§ **Your goal**
Please repeat the lines below, exactly and only, from the one that holds "দিঘলিয়ায় ঔষধ ব্যবসায়ীকে" through the one that holds "Nice And Elegant".

§ **Recorded data**
○ ○ ○

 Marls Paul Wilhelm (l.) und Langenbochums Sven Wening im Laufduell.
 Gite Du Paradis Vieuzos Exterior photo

○ ○ ○

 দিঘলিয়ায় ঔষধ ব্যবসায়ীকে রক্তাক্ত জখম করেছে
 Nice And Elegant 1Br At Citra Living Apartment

○ ○ ○

§ **Result of the task**
 দিঘলিয়ায় ঔষধ ব্যবসায়ীকে রক্তাক্ত জখম করেছে
 Nice And Elegant 1Br At Citra Living Apartment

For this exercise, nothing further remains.